Sunday, December 08, 2013

Doomed!


My old friend John Moran essential, hilarious project Perverse Inscrutable is a scrupulous investigation into what makes Absalom, Absalom! tick.

[L]et’s say you want to convey that the players in your novel Absalom, Absalom! are doomed.  Why bother with ominous mood-setting or grave harbingers or any such circumlocution when there’s already a perfectly good word to accomplish your goal?  It’s quite versatile, too: “the very situation to which and by which he was doomed,” “children which she had doomed by conceiving them,” “the current of retribution and fatality which…doomed all his blood,” “caught and sunk and doomed too,” or—this last one also quite comprehensive—“the oblivion to which we are all doomed.”

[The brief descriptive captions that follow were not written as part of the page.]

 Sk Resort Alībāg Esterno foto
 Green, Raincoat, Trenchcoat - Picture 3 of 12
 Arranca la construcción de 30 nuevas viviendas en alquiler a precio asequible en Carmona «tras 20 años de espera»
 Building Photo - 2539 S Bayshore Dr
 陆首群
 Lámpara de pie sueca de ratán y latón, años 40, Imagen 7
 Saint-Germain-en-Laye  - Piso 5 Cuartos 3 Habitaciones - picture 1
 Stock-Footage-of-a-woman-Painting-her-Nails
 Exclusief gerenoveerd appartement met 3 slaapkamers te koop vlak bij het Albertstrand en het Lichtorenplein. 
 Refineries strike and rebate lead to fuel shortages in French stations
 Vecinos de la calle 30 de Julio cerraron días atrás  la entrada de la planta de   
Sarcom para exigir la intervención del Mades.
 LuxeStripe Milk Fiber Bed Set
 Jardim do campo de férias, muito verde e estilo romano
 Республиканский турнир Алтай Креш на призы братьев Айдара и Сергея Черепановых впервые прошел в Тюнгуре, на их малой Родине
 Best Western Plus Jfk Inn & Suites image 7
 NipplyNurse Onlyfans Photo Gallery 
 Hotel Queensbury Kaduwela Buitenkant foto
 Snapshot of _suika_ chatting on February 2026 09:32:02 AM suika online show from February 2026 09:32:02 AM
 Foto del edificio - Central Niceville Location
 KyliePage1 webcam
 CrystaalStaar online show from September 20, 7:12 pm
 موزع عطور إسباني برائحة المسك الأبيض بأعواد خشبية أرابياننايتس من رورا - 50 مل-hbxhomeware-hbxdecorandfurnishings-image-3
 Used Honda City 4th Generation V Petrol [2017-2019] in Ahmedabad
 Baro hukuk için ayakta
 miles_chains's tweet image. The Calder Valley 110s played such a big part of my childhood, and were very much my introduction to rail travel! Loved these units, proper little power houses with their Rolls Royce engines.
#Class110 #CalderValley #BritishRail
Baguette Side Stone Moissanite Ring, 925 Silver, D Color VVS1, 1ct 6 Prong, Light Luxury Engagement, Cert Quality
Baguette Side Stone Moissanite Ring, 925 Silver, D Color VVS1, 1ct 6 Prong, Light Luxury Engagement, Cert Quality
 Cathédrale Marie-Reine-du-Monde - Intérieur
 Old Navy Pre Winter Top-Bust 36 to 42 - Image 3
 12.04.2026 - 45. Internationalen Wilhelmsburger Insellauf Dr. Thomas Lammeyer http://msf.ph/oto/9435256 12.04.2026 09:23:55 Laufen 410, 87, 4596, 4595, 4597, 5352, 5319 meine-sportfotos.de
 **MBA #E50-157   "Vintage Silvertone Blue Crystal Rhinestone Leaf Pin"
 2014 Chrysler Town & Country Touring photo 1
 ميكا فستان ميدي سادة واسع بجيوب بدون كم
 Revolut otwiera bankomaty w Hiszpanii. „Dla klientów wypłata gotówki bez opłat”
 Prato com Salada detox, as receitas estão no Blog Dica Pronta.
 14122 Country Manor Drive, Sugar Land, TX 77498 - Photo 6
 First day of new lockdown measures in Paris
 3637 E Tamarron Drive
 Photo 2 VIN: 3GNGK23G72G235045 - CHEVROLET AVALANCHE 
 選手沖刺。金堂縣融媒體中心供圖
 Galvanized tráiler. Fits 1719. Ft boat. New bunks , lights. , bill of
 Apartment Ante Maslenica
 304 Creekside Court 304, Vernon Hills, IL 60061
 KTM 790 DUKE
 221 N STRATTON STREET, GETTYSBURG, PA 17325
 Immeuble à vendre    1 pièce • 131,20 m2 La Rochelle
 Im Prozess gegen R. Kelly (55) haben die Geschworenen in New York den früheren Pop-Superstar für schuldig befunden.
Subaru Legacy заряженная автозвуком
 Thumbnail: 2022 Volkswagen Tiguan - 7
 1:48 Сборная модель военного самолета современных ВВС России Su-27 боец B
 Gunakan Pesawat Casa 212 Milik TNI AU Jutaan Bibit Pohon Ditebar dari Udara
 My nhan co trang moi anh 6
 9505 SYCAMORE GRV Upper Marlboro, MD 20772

[...][I]f your characters’ doom is dooming them to some doom in particular, it works for that, as well: “doomed to marry,” “doomed to be a widow,” “doomed to be a murderer,” “doomed and destined to kill,” “doomed to contemplate all human behavior” (said human behavior involving a lot of marital and homicidal impulses, apparently).  It can be used for dramatic counterintuitive effect, like “doomed to live”—and then this permutation can be paired with various different subjects, as in “those who are doomed to live,” “I am doomed to live,” and “she and I both are doomed to live.”  It is also resilient, standing up to repeated, concentrated use in such iterations as “doomed to spinsterhood” (p. 146), “doomed to spinsterhood” (p. 147), and “doomed to spinsterhood” (p. 148).